Ha accettato di sacrificare il suo giovane corpo e la sicurezza del suo futuro per ospitare il Figlio di Dio e creare una casa per il cielo all’interno di se stessa.
Si tratta di una scelta e di un’esperienza che molte madri possono condividere: la scelta di permettere a una nuova vita di crescere e nascere attraverso di te, indipendentemente dalle incertezze e dalle difficoltà che possono accompagnare questa scelta.
Ma per tutti coloro che non hanno avuto, o non avranno, un figlio, la scelta di Maria parla della casa per il cielo che tutti i membri del Corpo di suo Figlio sono ancora chiamati a fare.
Ognuno di noi, battezzato in questa comunione e comunità chiamata Chiesa di Cristo, ha il compito di dire il proprio sì per dare rifugio a Dio nella propria anima.
Di dire sì a permettere allo Spirito di Dio di plasmare e dirigere il corso delle nostre vite e di condurci verso un futuro che il mondo può ritenere folle, ma che Dio ci assicura essere santo e salutare.
Dire sì alla realtà delle nostre fragilità e insufficienze umane e sì alla redenzione di Colui il cui regno non ha fine che scorre attraverso di noi come un fiume verso il futuro.
Come possiamo imparare dalla bambina trascurata e ora lodata come regina a creare una casa per il cielo nelle nostre vite?
È utile sapere che, anche se il sì di Maria è avvenuto a livello individuale, le implicazioni di quella scelta si sono svolte in comunità.
Giuseppe non l’ha abbandonata, la sua famiglia non l’ha evitata e, anche se i loro primi giorni imitano il viaggio itinerante del popolo di Dio come rifugiati che si affidano all’assistenza divina e alla gentilezza umana, la comunità della Sacra Famiglia ha continuato a espandersi grazie a quel primo fedele sì.
Per il modo alternativo in cui questo figlio della promessa ha esercitato la regalità, per il modo in cui il suo regno ha superato i confini della sua tribù e della sua nazione e per il modo in cui la vita che ha vissuto ha distrutto la morte per sempre e ha stabilito una casa eterna per tutti coloro che cercano riparo dalle tempeste e dalla follia del nostro mondo.

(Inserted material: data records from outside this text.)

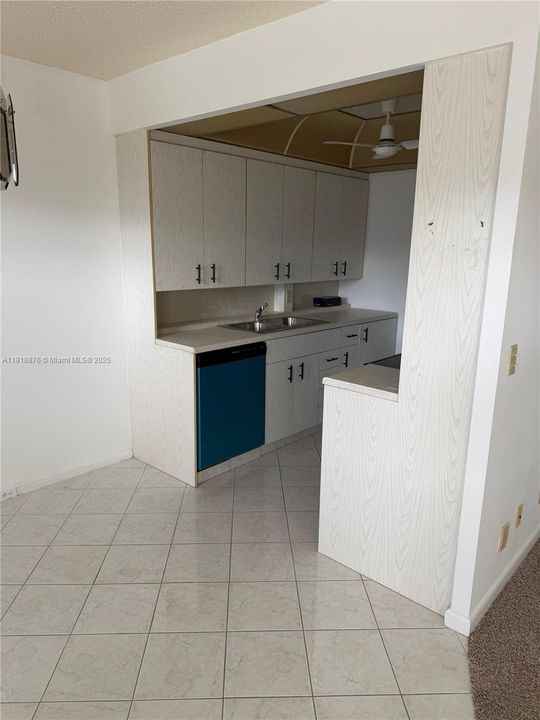 For Rent: $1,550 (2 beds, 1 baths, 861 Square Feet)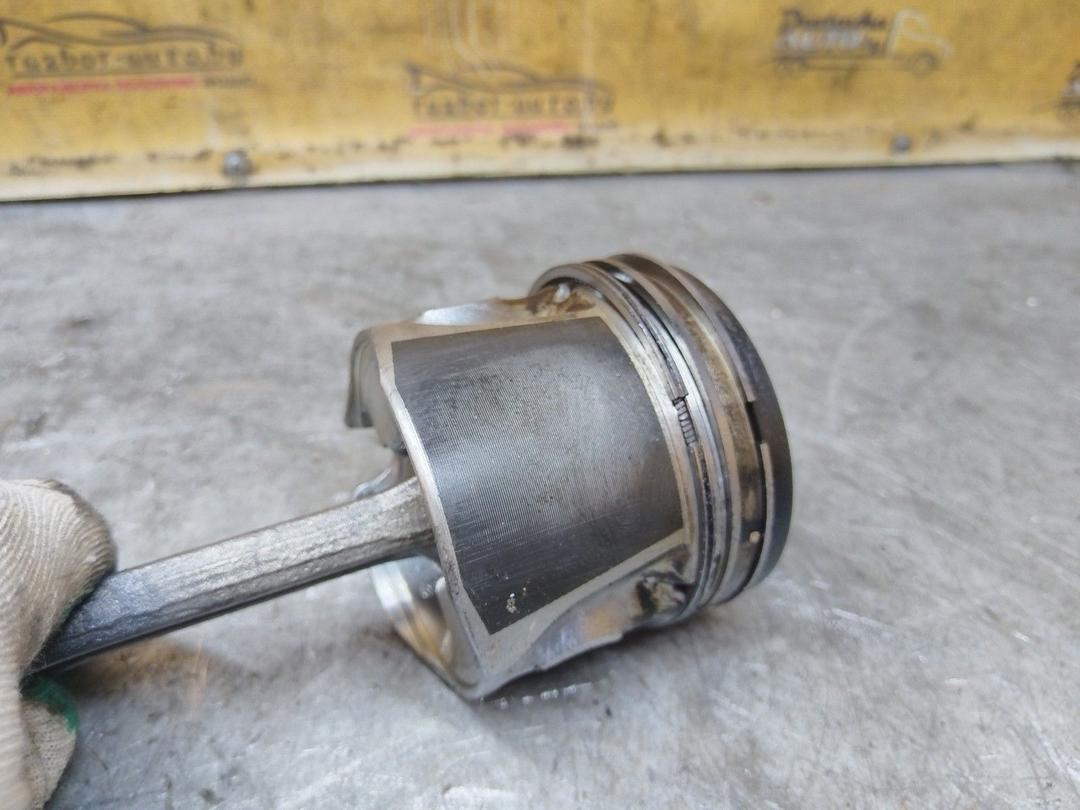 Поршень ZQVTPB Volkswagen Golf купить в магазине запчастей бу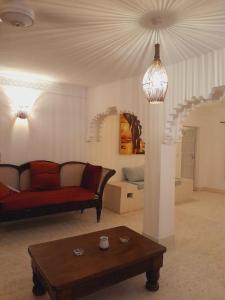 Elegant Double Big Room at Villa Belen 1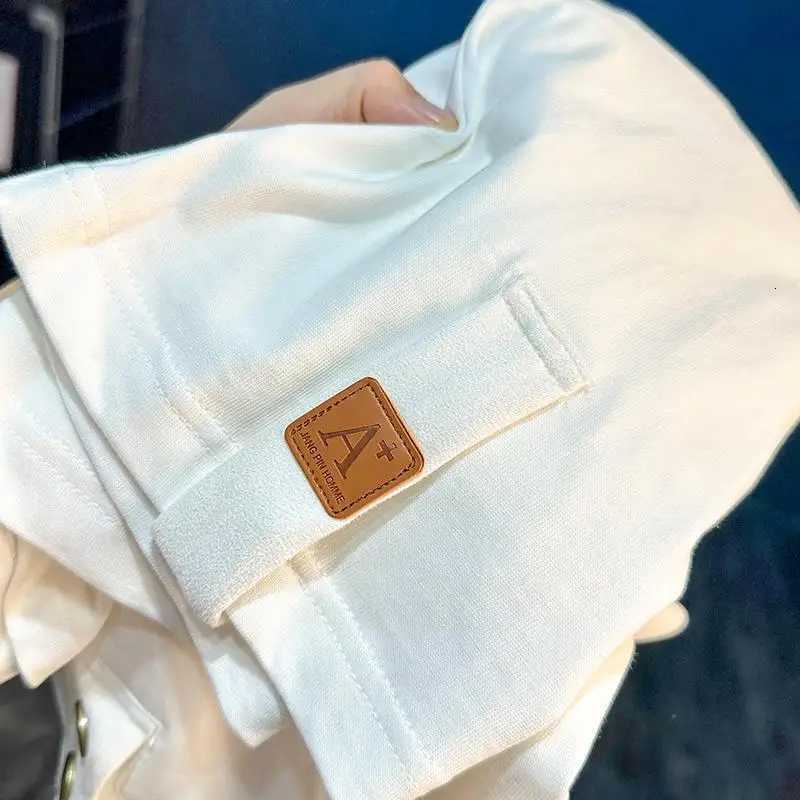 Solid color simple short sleeved Tshirt for mens summer 2025 new fashion outfit loose short sleeved topXJ251023
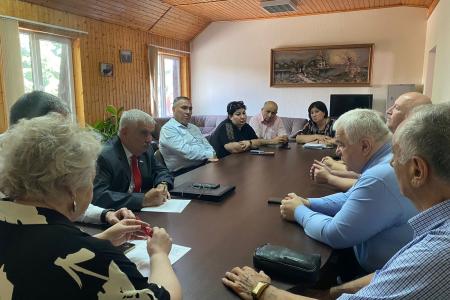 Завершилась рабочая поездка Казбека Тайсаева в Северную Осетию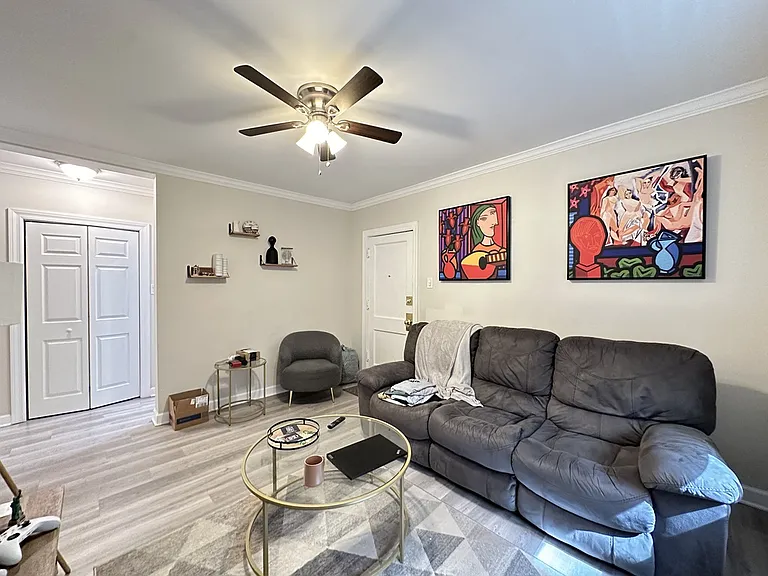 839 W Cornelia Ave #S2 — Photo 14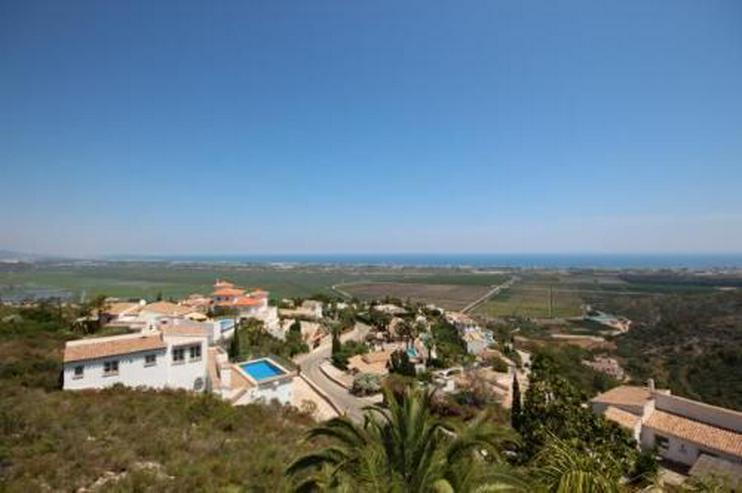 Bild 2: Großzügige Villa mit 2 Wohneinheiten, Carport, Pool und traumhaftem Meerblick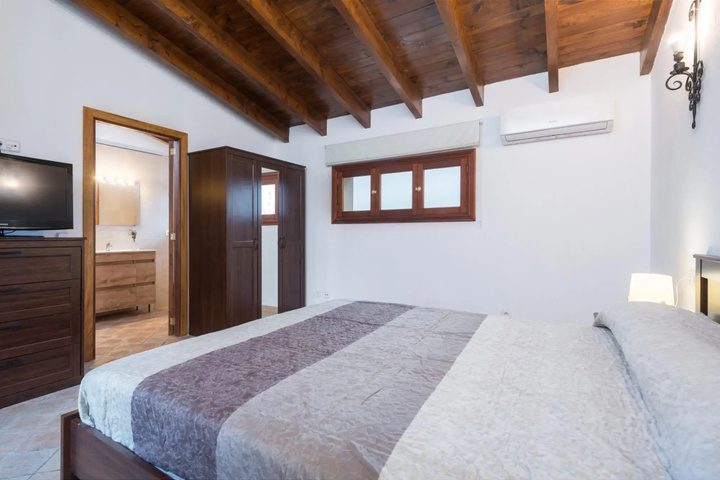 Room 3 of 18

Anche noi possiamo dire di sì alla sua vita che nasce in noi.
Anche noi possiamo dire di sì a vivere secondo la sua saggezza e a dare rifugio ai sofferenti attraverso opere di misericordia.
Anche noi possiamo dire sì, come Maria, a creare una casa per il cielo nei nostri cuori, in questa chiesa e nel mondo, confidando che Dio ci guidi e ci accompagni mentre affrontiamo incertezze, sfide e delusioni.
Il nostro SÌ è il primo passo per rendere la nostra fede intima e reale, ed è uno dei regali più importanti che possiamo fare agli altri e al mondo per Natale.